Last month, there was another sad case of a young lady named Rebecca Ann Sedwick of Florida, who jumped to her death after being cyber-bullied by “friends” for nearly a year.

This is a very real problem among our youth, and we, as parents, need to get pro-active.

You and I did not grow up in a generation of cyber-bullying.  Maybe you didn’t even have a cell phone as a teen (I sure didn’t)!  It doesn’t cross our minds that we need to have “the talk” about cyber-bullying.

Here are some things you can do to be proactive with your children.
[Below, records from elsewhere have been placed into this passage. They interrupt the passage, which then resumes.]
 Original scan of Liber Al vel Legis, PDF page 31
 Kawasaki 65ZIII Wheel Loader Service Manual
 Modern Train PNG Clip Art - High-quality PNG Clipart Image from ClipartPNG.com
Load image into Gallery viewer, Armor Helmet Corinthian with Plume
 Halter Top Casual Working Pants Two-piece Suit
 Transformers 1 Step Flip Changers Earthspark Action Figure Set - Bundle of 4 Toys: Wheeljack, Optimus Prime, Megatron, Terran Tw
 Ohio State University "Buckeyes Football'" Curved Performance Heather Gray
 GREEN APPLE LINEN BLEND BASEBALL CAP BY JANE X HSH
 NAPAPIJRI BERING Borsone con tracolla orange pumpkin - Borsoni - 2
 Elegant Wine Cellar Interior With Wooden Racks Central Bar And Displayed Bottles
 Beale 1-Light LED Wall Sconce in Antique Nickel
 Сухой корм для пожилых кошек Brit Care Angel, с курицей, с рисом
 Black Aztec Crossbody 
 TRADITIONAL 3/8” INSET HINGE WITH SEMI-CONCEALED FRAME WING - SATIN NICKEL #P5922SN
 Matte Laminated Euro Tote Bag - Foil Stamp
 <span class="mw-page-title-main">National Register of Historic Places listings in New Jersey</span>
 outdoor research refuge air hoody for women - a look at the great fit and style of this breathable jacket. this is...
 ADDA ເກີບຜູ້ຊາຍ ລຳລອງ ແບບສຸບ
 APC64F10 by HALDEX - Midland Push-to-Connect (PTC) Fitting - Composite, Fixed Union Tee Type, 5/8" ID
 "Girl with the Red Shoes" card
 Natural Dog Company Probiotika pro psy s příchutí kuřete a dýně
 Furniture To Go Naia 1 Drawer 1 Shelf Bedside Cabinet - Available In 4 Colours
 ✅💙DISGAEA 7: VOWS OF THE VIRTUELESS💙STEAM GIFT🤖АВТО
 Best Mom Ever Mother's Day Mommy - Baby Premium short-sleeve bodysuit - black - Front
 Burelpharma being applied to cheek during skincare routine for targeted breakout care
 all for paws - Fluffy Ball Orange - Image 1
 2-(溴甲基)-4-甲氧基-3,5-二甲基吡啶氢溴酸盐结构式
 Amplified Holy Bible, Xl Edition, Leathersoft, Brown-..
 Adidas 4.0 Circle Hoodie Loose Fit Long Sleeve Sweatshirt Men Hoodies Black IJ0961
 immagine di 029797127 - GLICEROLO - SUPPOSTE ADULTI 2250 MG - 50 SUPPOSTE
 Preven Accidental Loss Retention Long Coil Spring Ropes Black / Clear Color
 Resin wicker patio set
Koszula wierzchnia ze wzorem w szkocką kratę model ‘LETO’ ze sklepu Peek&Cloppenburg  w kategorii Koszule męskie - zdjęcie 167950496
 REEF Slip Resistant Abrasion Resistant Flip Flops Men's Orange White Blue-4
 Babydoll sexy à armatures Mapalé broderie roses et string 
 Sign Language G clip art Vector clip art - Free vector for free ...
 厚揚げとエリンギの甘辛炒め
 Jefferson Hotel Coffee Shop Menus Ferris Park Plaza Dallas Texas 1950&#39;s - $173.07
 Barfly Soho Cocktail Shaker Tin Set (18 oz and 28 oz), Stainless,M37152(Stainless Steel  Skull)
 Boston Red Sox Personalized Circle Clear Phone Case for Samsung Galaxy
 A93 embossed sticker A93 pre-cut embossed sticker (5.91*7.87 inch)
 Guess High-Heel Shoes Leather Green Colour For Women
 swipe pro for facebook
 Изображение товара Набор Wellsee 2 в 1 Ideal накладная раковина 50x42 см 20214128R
  • Be aware of what your kids are doing online.  Ask them for passwords for all social media accounts, and ask them to “friend” you on their accounts as well.  This allows you to see what people are posting on their profiles, and what they’re posting on others’.
  • If you can’t monitor your kids’ internet use, set up security controls on the computer.
  • If you’re worried about your kids’ safety for any reason, it’s OK to read text messages and online messages.  Legally, if you’re paying for the device or service, and you are the user’s guardian, you have both a right and a responsibility to protect your child, and other children whom your child contacts through any electronic media.
  • Tell your kids it’s not ok to say hurtful or threatening things to other people via text message or social media.
  • Tell your kids if they’re feeling sad or scared about a message they have received, to let you know right away, and that they will not be punished for telling you.
  • Report any cyber-bullying activity to the police right away.
  • Seek professional help if your child seems unusually depressed, withdrawn, angry, eats or sleeps more or less than usual, or doesn’t want to leave the house.  These are signs that your child may be the victim of cyber-bullying.

Have you talked to your kids about cyber-bullying?  Has your child experienced cyber-bullying?